Kim Seong-hoe, the presidential secretary for religion and multiculturalism for Yoon, said in a Facebook post Wednesday that he “sincerely” apologizes for some of the problematic comments he made in the past after his appointment was announced Friday last week.

“I sincerely apologize for the comments on sexual slavery and homosexuality in the past,” he said in the post. “I also express deep regret at how some media outlets have lost their balance and made inappropriate press reports.”

Kim said in a Facebook post in June 2019 that he does not endorse homosexuality and considers it as “a sort of mental illness.” He was banned from the social media platform for some time due to Facebook’s regulation on hate speech.

In the Wednesday post, he stood by his comment that he does not endorse or support homosexuality and that he still believes it could be cured from some forms of medical treatment like “how smokers receive cessation therapies.” He added that he respects diversity in sexual orientation.

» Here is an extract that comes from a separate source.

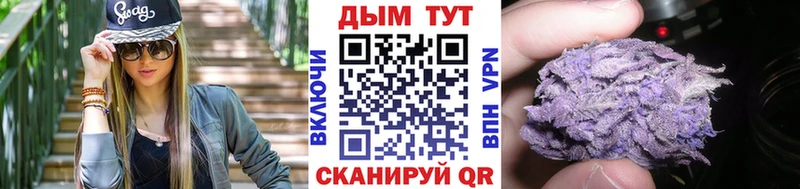 Каннабис сатива  Купить закладки  Чернушка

“I respect the diversity in sexual orientation that individuals have, but I am personally against homosexuality,” he said in the Wednesday post.

“And while there are those with innate homosexual tendencies, I think in many cases people mistakenly think of it as basic instinct, even though they acquired it as a habit.”

Kim also apologized for essentially labeling victims of sexual slavery during the Japanese colonial rule as prostitutes in a Facebook comment written in September the same year, saying he has crossed the line in carrying out a verbal dispute over social media in the past.

“Are you saying that the government has to step up and collect the payment for sexual service in due?” Kim said then, arguing against an argument that denounced the Park Geun-hye administration on its compromise with Japan on compensation for the sexual slavery victims.

He was again suspended from Facebook for a month for the problematic comment.

“Although this happened during a personal-level debate over Facebook, I do believe it crossed the line, so I sincerely apologize on this issue,” he wrote Wednesday.

Kim was found to have made hate speech against the sexual slavery victims in March 2021. He claimed that half of the women in the Joseon Dynasty were essentially sexual slaves, arguing Korea should recognize its history before raising criticism against Japan for its misdeeds during the colonial rule.

He defended his remarks in a Facebook post Thursday, saying that he should not be criticized for asking people to “reflect on (Korea’s) embarrassing history.”

While defending himself, Kim claimed that he is attacked for consistently raising criticisms against the “586 Generation and pro-North Korea forces.”

The 586 Generation refers to those born in the 1960s who rallied against dictator rule in the 1980s and who are now mostly in their 50s. The generation accounts for a large portion of the Democratic Party’s leadership and voter base. Kim’s comments show he is a loyal member of the conservative bloc.

Before being appointed as the presidential secretary, Kim had served as the head of the Center for Multicultural Korea, a local civic group made to support the lives of multicultural families in South Korea.

The presidential office said Thursday it will keep an eye on the situation for the time being, adding it has no particular response on problems concerning Kim.